Artful Tax Dodgers: The Backroom Scandal of Evasion and Avoidance which Harms us All
In the wake of the terrible violence and disorder which erupted onto our streets in August, thousands of column inches were devoted to analysis of the potential causes – and what the riots and looting told us about the social fabric of the UK.
Yet while many commentators focused their efforts on the alleged ‘sickness’ at the bottom of British society and the vacation of responsibility by some of our poorest citizens, rather less attention has been afforded to those at the other end of the scale who routinely loot the public purse with impunity.
Tax avoidance and evasion may not be as visible as criminals kicking in shop windows and stealing pairs of trainers, but the ability of the rich and powerful to exploit loopholes in the tax system deprives Her Majesty’s Treasury of more than £100 billion a year in revenue.
Thanks to organisations like the Tax Justice Network, the scourge of tax avoidance and evasion is finally becoming part of the mainstream of political debate. Spirited and impactful campaigns like the one waged by UK Uncut have done a huge amount to raise awareness amongst politicians, the media and the public.
This is important because, through lost jobs, declining incomes, gathering inflation and cuts in public services, it is ordinary people who are bearing the costs of the economic crisis – one caused by a collapse in Government revenue and unregulated financial sector recklessness.
It is worth noting that since the 1970s, the share of wages and salaries has dropped from a high point of 65% in 1975 to just above 50% now. By contrast, the share of profits has risen to almost half. We need a fairer balance between what households pay and what corporations pay.

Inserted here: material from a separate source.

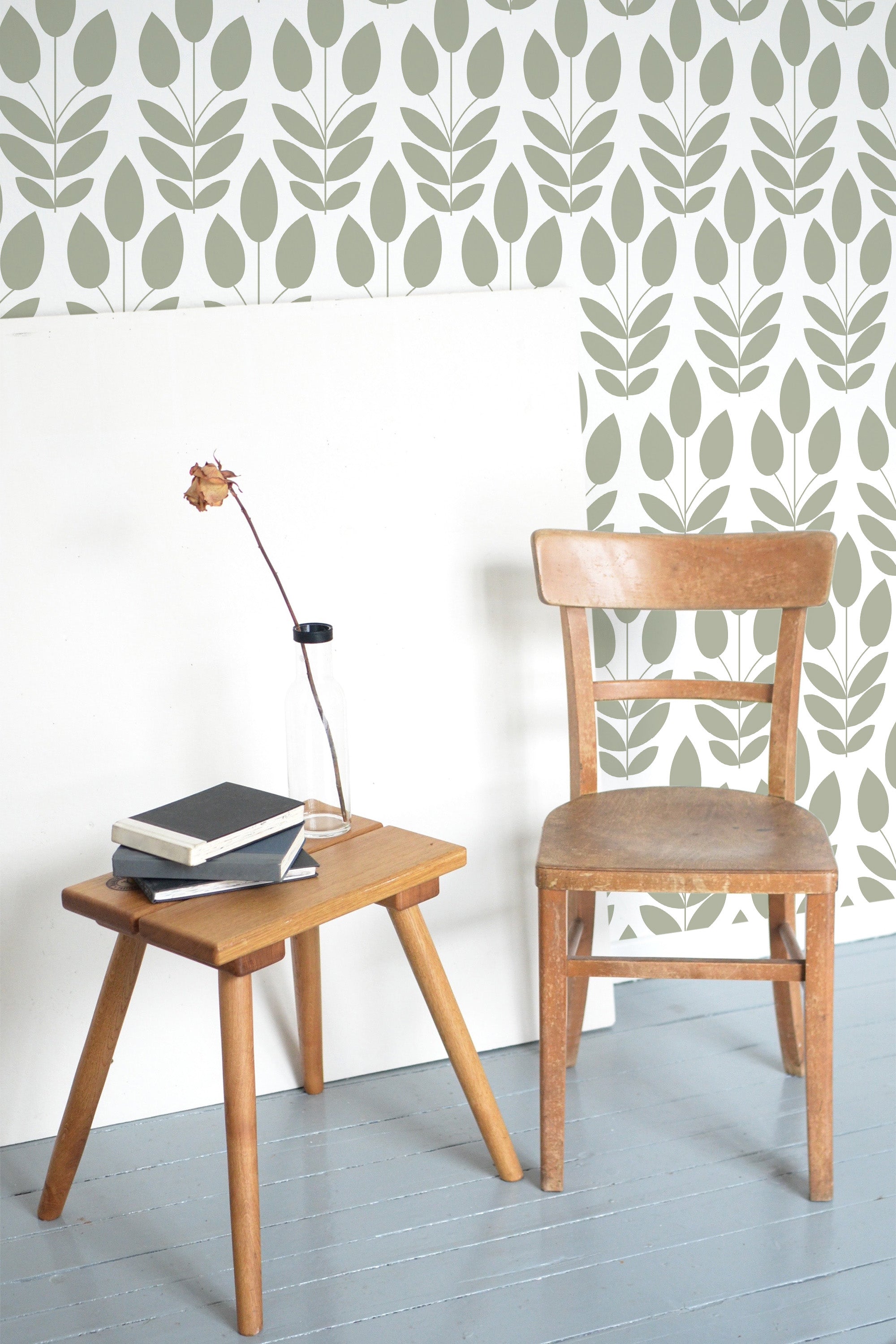Self-adhesive Scandinavian wallpaper with a minimalist leaf pattern in a soft green hue on a white background, offering a clean and modern aesthetic to the room.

But tough and meaningful action from the Government to address tax evasion and avoidance remains elusive. For example, a new deal struck between the UK and Switzerland to tackle the exploitation of the Swiss banking system sounded good at first, but closer analysis reveals serious weaknesses – with campaigners fearing it could undermine negotiations towards a stronger, EU wide deal.
Furthermore, the Government is actually reducing corporation tax gradually, from 28% in 2010-11 to 24% in 2014-15. This is lower than the current rate in most of the EU and will cost an estimated £5.2 billion by 2015/16 – a sum not much short of the £5.9 billion the Government hopes its tax avoidance, evasion and administration measures will raise.
In other words, the half hearted clamp down on tax evasion is being used not to support disabled people facing cuts to their mobility allowances, or to provide realistic levels of housing benefit, but instead to fund a lower rate of corporation tax for companies to dodge in future.
Under the previous Government we did see some positive steps taken, especially in relation to tax avoidance. For example, direct tax avoidance schemes being required to disclose to the revenue departments. But Labour fell short of a full GAAR – a general anti-avoidance rule – nor was enough done to clamp down on tax havens.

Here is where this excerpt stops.